I have seen that happen on a Clariion when i set the failover mode to 4 and went back and it had chaged to 1. Have your run the relvant commands on your vmware hosts to change to ALUA also ?
here is a link to a guy who had a similar issue and all the commands etc he had to run to change vmware to use ALUA, or you could use powerpath to look after all the path management for you
anyway have a read of the above it may help you out
I had the ALUA working fine on both the VNX and VMWare side. I had actaully seen the site you mentioned when I was doing the research to configure ALUA.
I just can't figure out why adding an additional WWN to the host record on the VNX would reset it's mode back to 1. I would think once it's set for the host, it should stay, no matter what HBA/WWN changes you make.

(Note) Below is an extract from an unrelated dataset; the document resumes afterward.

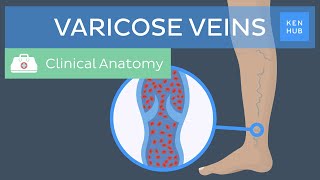 Varicose veins: Definition, causes, symptoms and treatment | Kenhub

I'm just trying to find out if it's a bug (or "undocumented feature"), or if there's an intentional reason to reset it back.
This might be related to what you're experiencing:
The following is a Primus(R) eServer solution:
Solution Class: 3.X Compatibility
Goal Why is the failover mode on the array changing for 4 (ALUA) to 1 after an Storage Processor reboot or an NDU?
Fact Product: CLARiiON CX4 Series
Fact EMC Firmware: FLARE Release 30
Fact Product: VMware ESX Server 4.0
Fact Product: VMware ESX Server 4.1
[NOT] FactThis statement does not apply: Product: VMware ESX Server 5.x
Symptom After a storage processor reboot (either because of a non-disruptive upgrade [NDU] or other reboot event), the failover mode for the ESX 4.x hosts changed from 4 (ALUA) to 1 on all host initiators.
Cause On this particular array, for each Storage Group a Host LUN Zero was not configured. This allowed the array to present to the host a "LUNZ." All host initiators had been configured to failover mode 4 (ALUA). When the storage processor rebooted due to a non-disruptive upgrade (NDU), when the connection was reestablished, the ESX host saw the LUNZ as an active/passive device and sent a command to the array to set the failover mode to 1. This changed all the failover mode settings for all the LUNs in the Storage Group and since the Failover Policy on the host was set to FIXED, when one SP was rebooting, it lost access to the LUNs.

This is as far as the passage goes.